Top of DATA SECTION
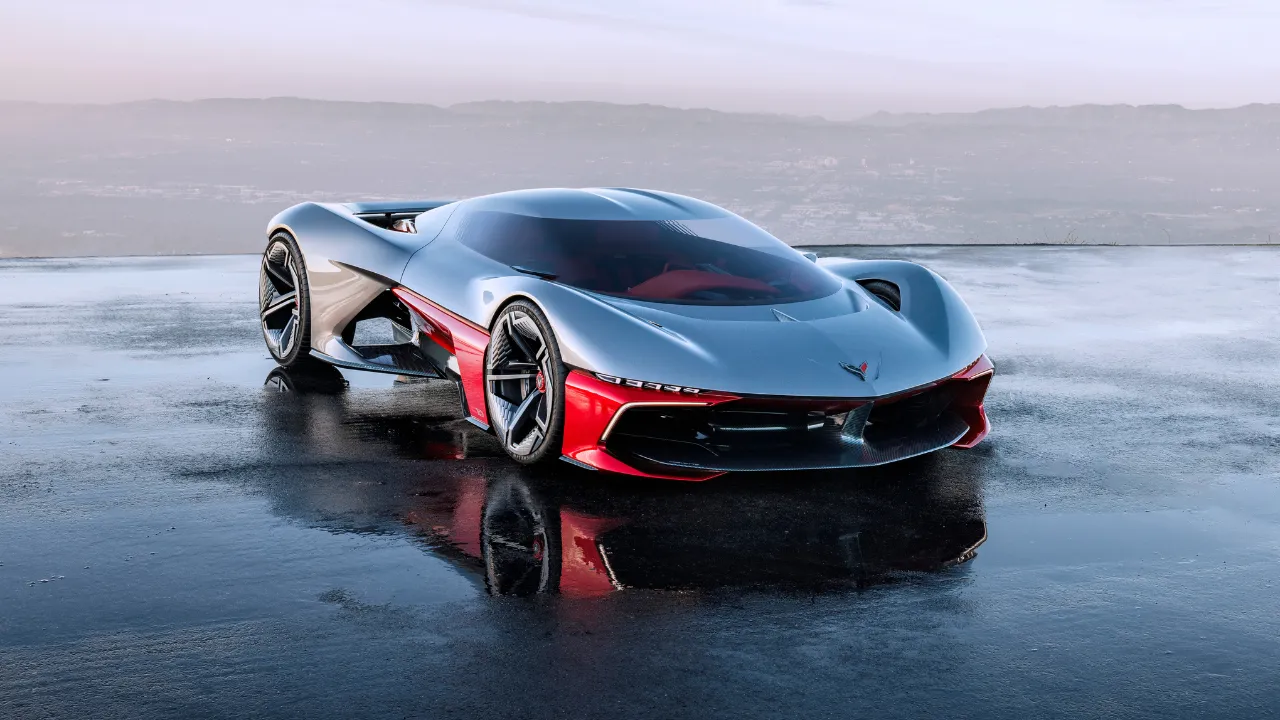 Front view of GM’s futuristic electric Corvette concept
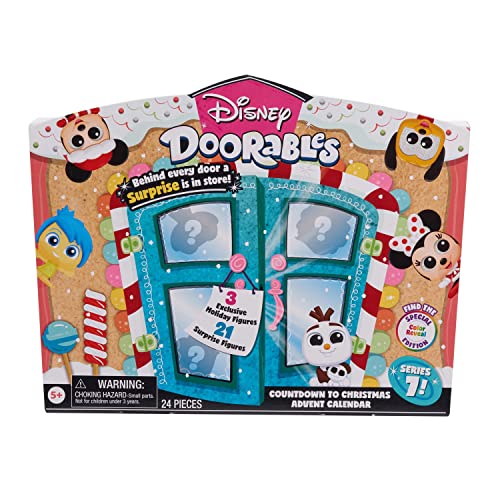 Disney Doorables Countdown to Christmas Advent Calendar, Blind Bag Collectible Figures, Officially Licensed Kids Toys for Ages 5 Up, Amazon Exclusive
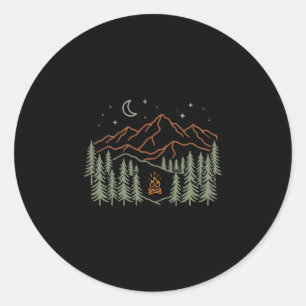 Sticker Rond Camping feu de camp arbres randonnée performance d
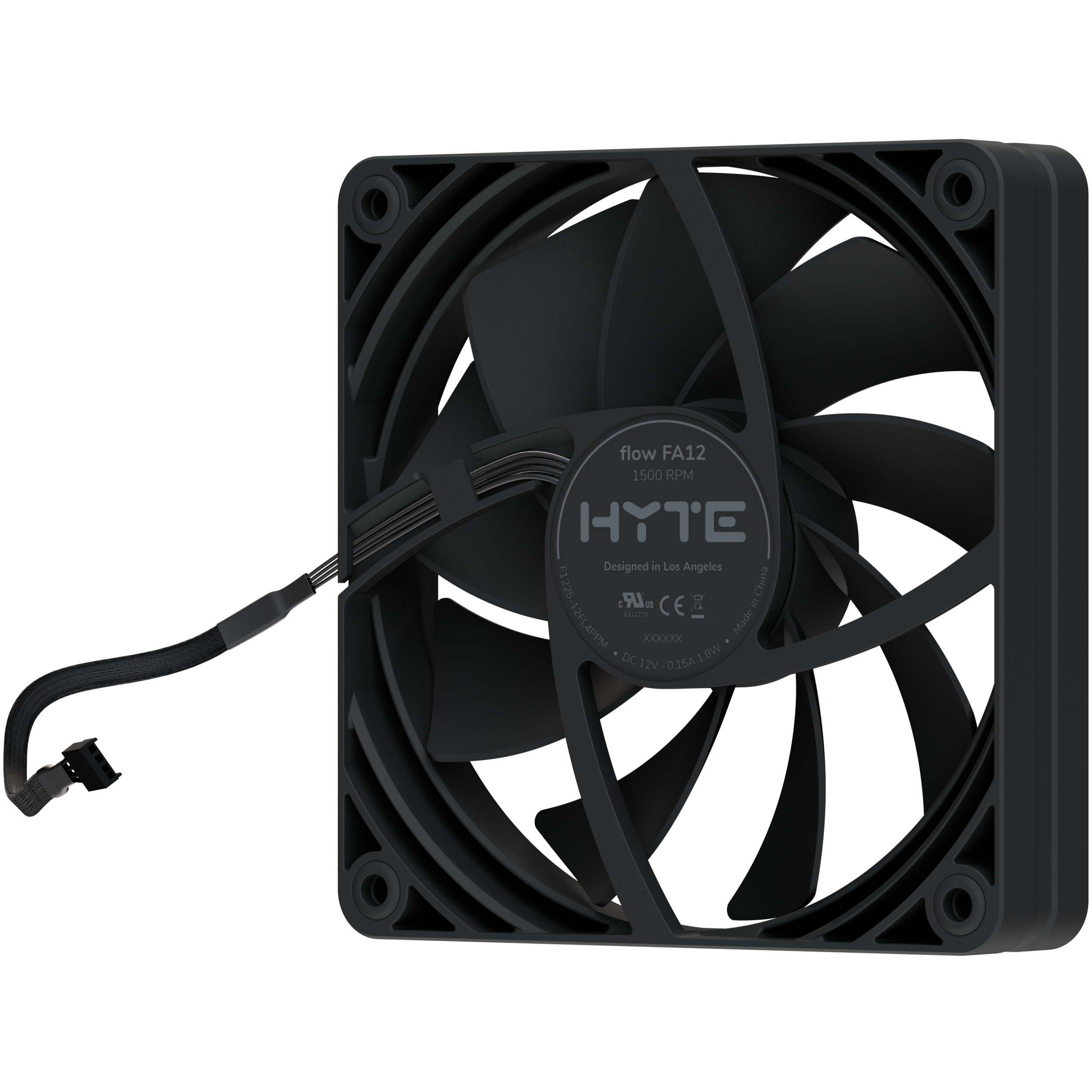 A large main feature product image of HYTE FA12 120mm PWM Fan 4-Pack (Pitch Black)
Bottom of DATA SECTION
| TASK STATEMENT |
A word-for-word copy of the listing is needed. It must not include the pictures.

| YOUR RESPONSE |
 Front view of GM’s futuristic electric Corvette concept
 Disney Doorables Countdown to Christmas Advent Calendar, Blind Bag Collectible Figures, Officially Licensed Kids Toys for Ages 5 Up, Amazon Exclusive
 Sticker Rond Camping feu de camp arbres randonnée performance d
 A large main feature product image of HYTE FA12 120mm PWM Fan 4-Pack (Pitch Black)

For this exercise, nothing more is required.